Assignment
Among the entries below, only the lines from the one with "Darbo Výběrový džem 450 g" through the one with "Bahia Bikini Bottom" are wanted, reproduced exactly. Pictures are not wanted.
___ Exercise material
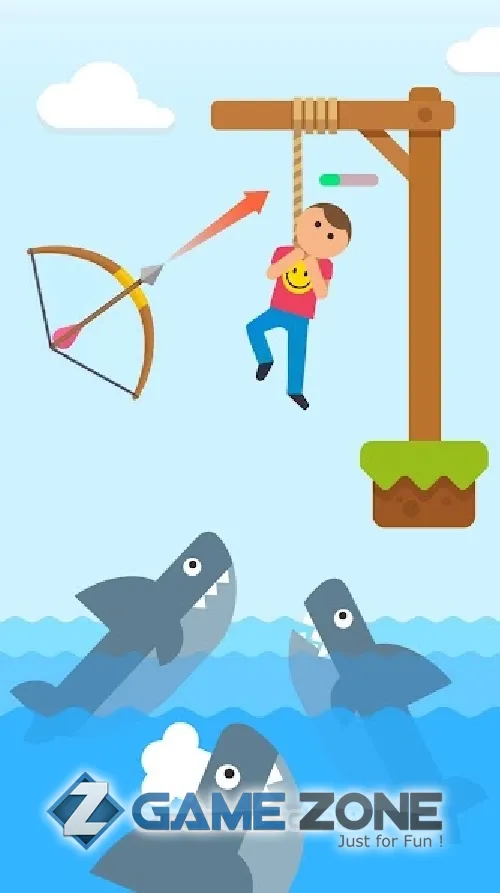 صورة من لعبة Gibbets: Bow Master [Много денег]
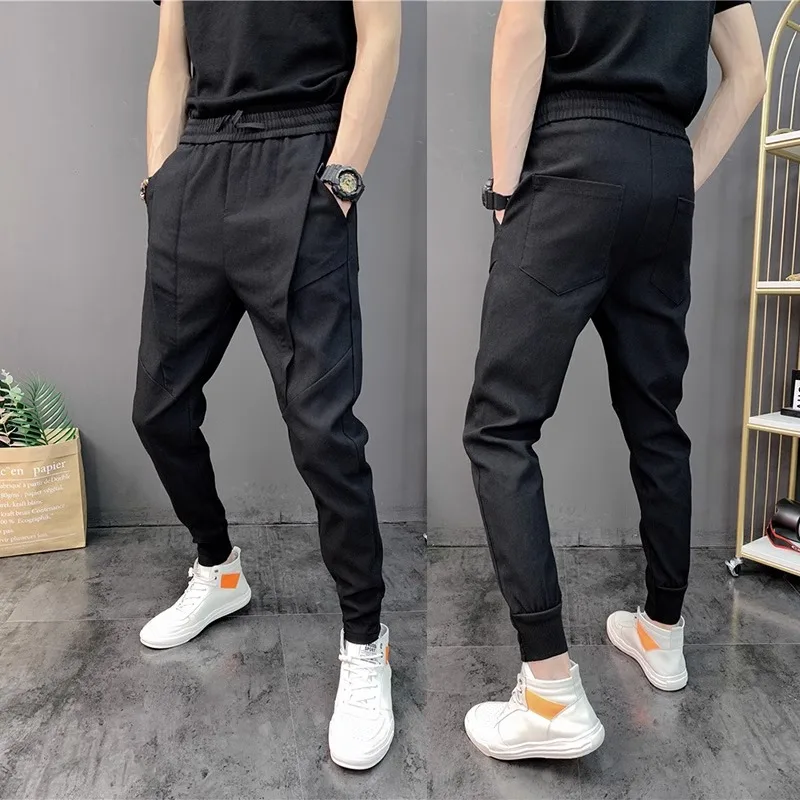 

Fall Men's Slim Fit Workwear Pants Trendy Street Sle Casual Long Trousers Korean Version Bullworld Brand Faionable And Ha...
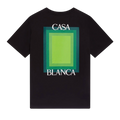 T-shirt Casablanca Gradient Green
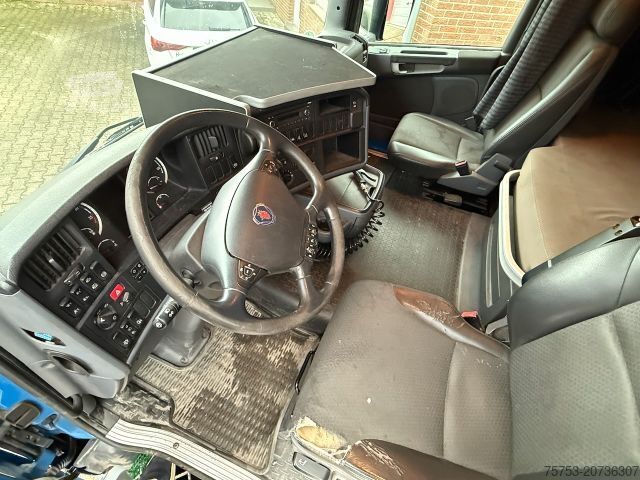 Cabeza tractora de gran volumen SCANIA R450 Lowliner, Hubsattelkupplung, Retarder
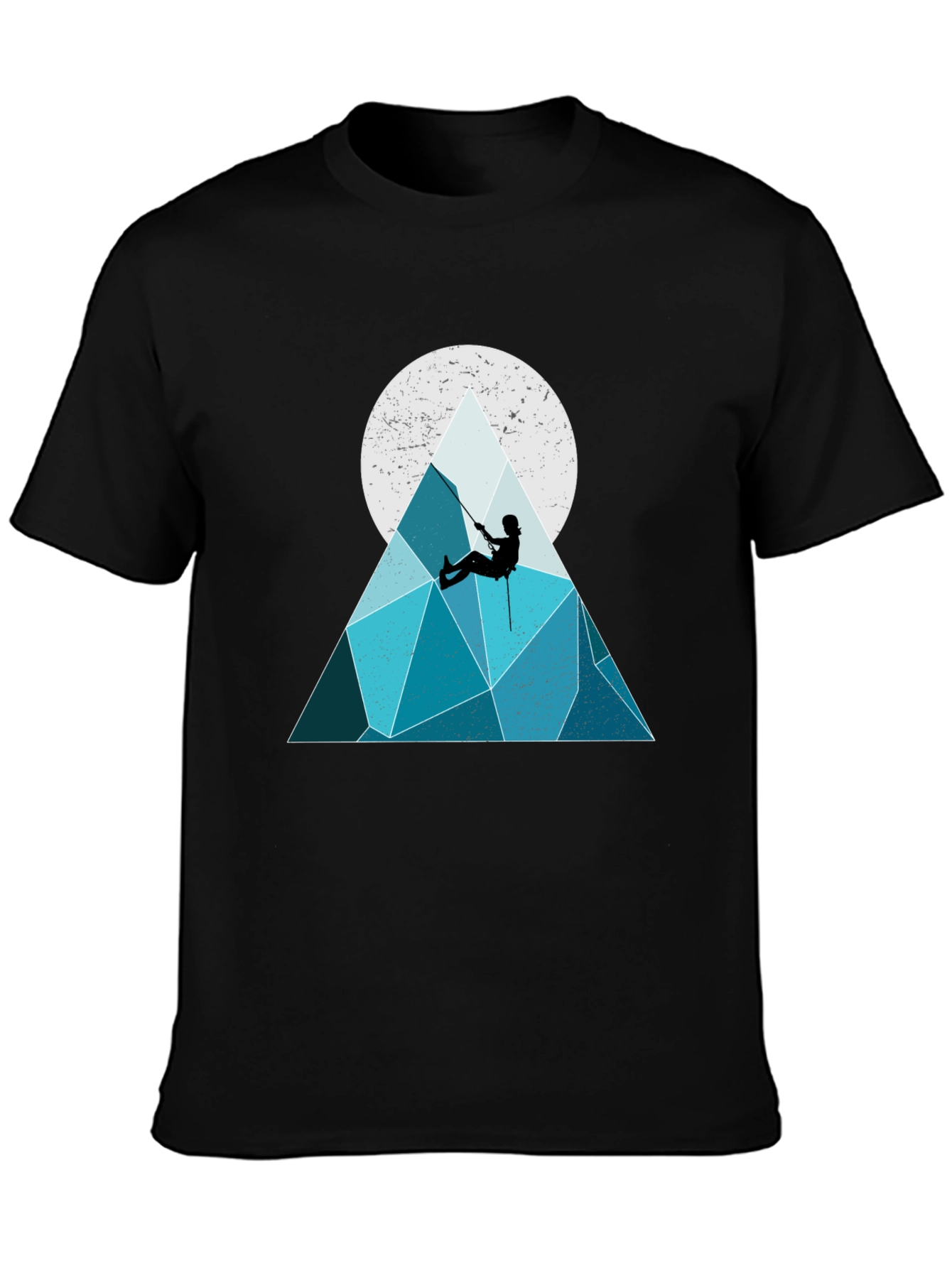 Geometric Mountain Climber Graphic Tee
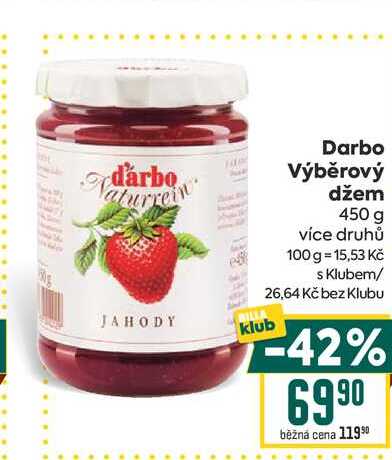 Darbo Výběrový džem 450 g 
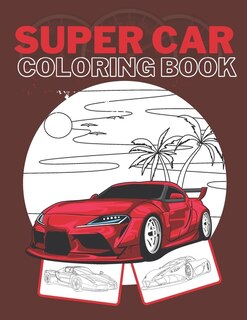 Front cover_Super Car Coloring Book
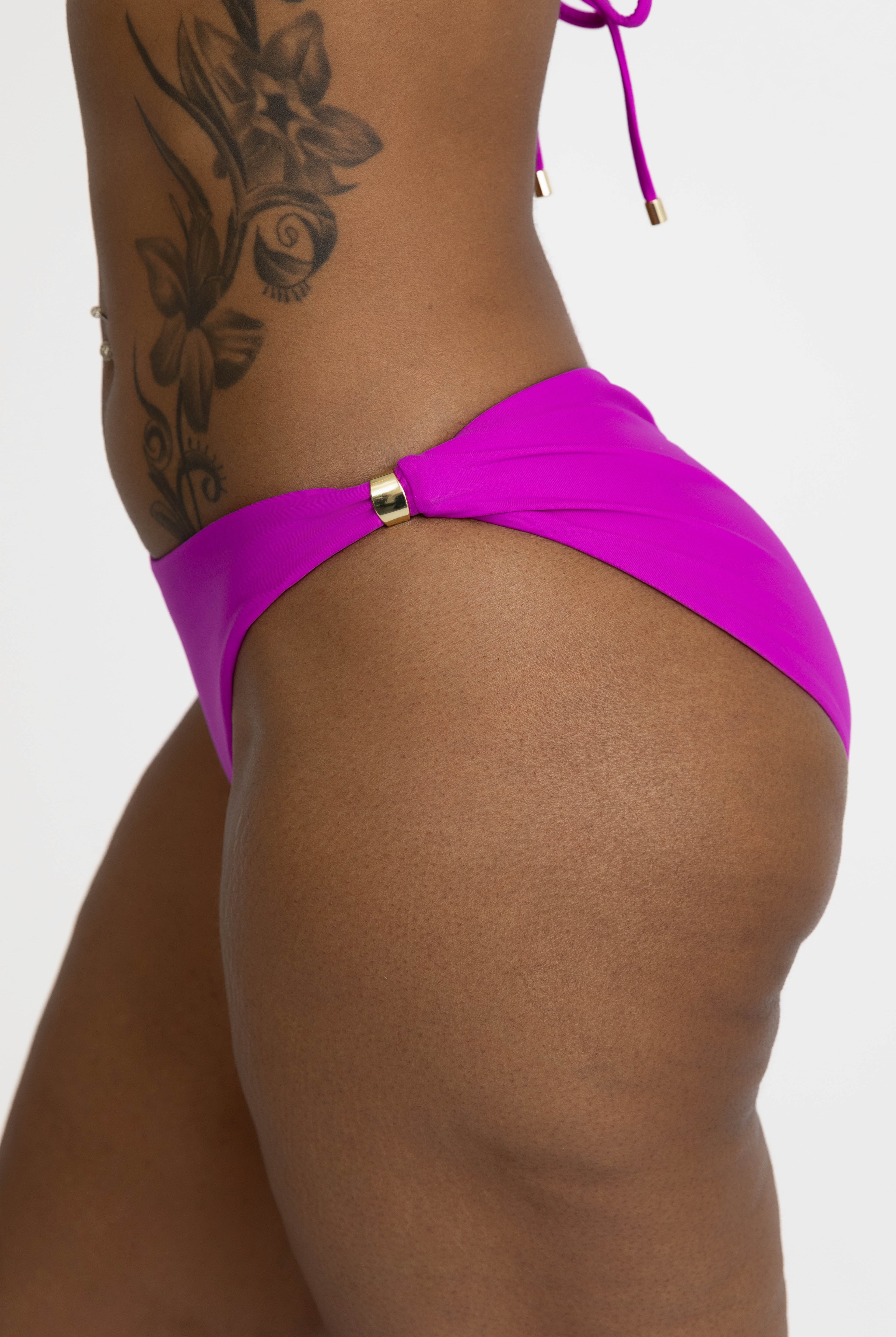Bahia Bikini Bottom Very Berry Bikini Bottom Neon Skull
______
___ Exercise material
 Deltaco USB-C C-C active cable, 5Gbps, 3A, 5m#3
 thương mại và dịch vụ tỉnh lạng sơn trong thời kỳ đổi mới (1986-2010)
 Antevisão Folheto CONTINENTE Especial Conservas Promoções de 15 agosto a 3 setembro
______
Answer to this problem
 Darbo Výběrový džem 450 g 
 Front cover_Super Car Coloring Book
Bahia Bikini Bottom Very Berry Bikini Bottom Neon Skull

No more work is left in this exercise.